Is your opinion about software from experience or from what you've heard? Thanks.


----------



## ewingpainting.net (Jun 2, 2008)

I would be worried they would miss a foot\$ here and there. Those cents add up and I would be PISSED if I lost a good chunk because they forgot to carry the 4. After all it isn't their money!


----------



## nEighter (Nov 14, 2008)

yes software from experience.. it sucks.


----------



## KLaw (May 8, 2009)

Wing: That is a concern but I would treat them like any other employee (put 'em on the payroll down the road). If they don't perform I'll find somebody who does. You bring up a very good point. A thorough review would have to be completed and signed off, at least, for the 1st 3. Then maybe an approval process for anything over, say, $5k. I don't know - I am thinking out loud.

nEighter: That sucks. I was hoping you were going by what you heard vs. experience.  Is your experience with current software (6 mo to a yr). Yea, I know I am stretchin' it but I was really hoping there was some software that you could tie in with prints from the on-line bid rooms. 

Thanks for the feedback.


----------



## RCP (Apr 18, 2007)

That is great you are getting so many commercial bids, where are you getting the leads from?

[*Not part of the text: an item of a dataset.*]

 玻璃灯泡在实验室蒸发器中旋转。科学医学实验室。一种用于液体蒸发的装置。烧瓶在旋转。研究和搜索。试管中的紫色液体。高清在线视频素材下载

Are you wanting takeoff or Estimating software?
What do your estimators (I believe you said you had 2 or 3?) use now?


----------



## KLaw (May 8, 2009)

RCP said:


> That is great you are getting so many commercial bids, where are you getting the leads from?
> 
> Are you wanting takeoff or Estimating software?
> What do your estimators (I believe you said you had 2 or 3?) use now?


Most of my commercial leads are coming from the blue book.

Honestly, I do not know what I want. I don't know what is out there. I'd like to be able to download from an online bid room and quickly be able to determine all areas to be painted with a quick calculation to determine matl's, labor, and any other parameters (I-beams, duct work, etc...) we put into place.

The way we bid today is based off of sq. ft. We know what the current high end and low end are and we are bidding in the low to mid range so we can establish a reputation and presence.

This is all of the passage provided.